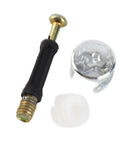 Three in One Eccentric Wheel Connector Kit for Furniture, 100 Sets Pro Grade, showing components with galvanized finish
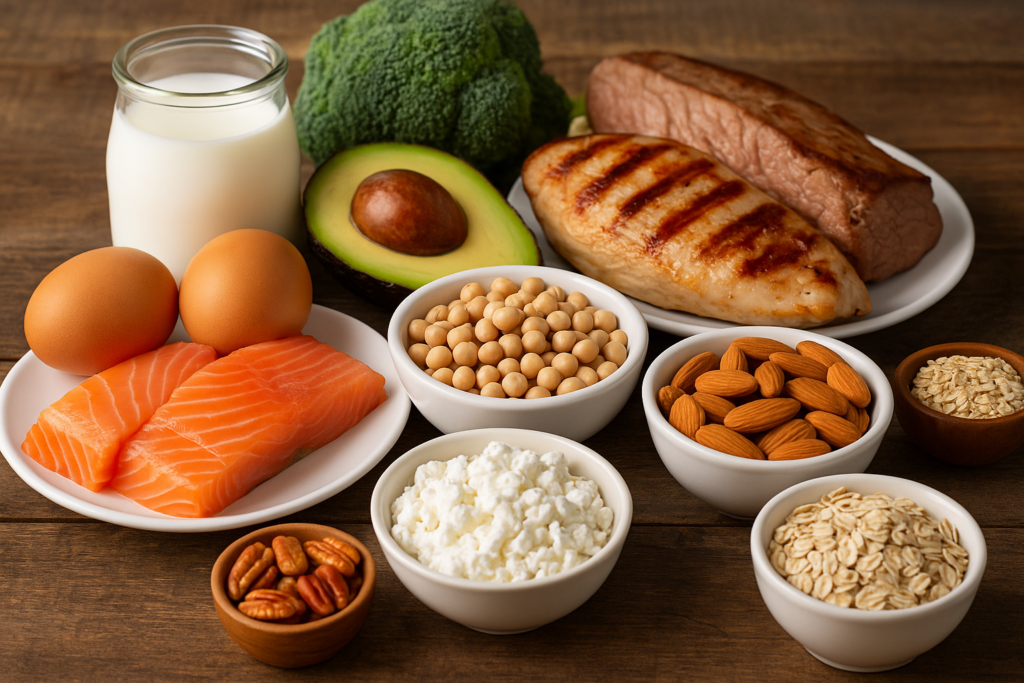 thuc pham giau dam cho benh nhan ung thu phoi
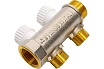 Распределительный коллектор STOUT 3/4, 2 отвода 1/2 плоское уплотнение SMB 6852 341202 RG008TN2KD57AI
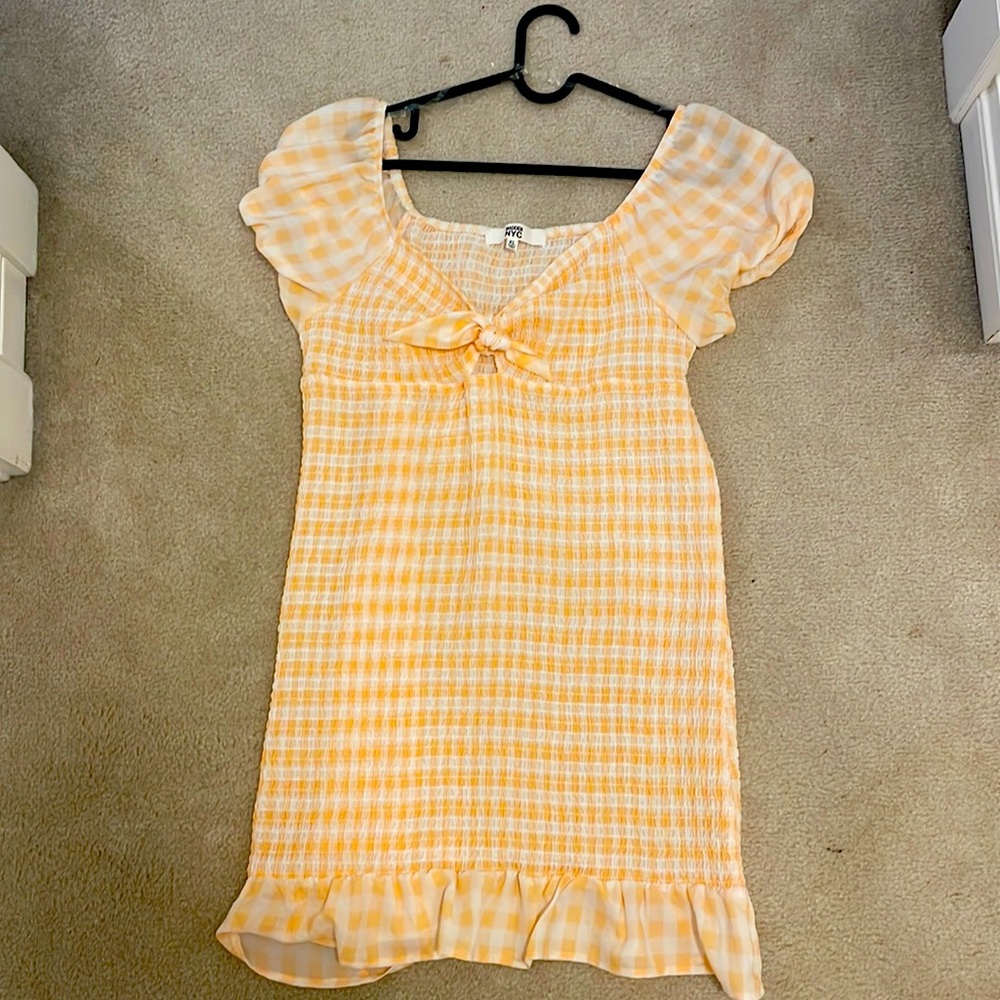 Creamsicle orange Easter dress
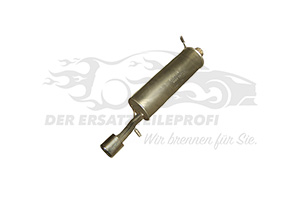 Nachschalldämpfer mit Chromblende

--- Exercise requirements ---
After dropping the pictures, please set down the lines from the beginning of the listing through the line containing "Распределительный коллектор STOUT", both included, exactly as they stand.

--- Task answer ---
 Three in One Eccentric Wheel Connector Kit for Furniture, 100 Sets Pro Grade, showing components with galvanized finish
 thuc pham giau dam cho benh nhan ung thu phoi
 Распределительный коллектор STOUT 3/4, 2 отвода 1/2 плоское уплотнение SMB 6852 341202 RG008TN2KD57AI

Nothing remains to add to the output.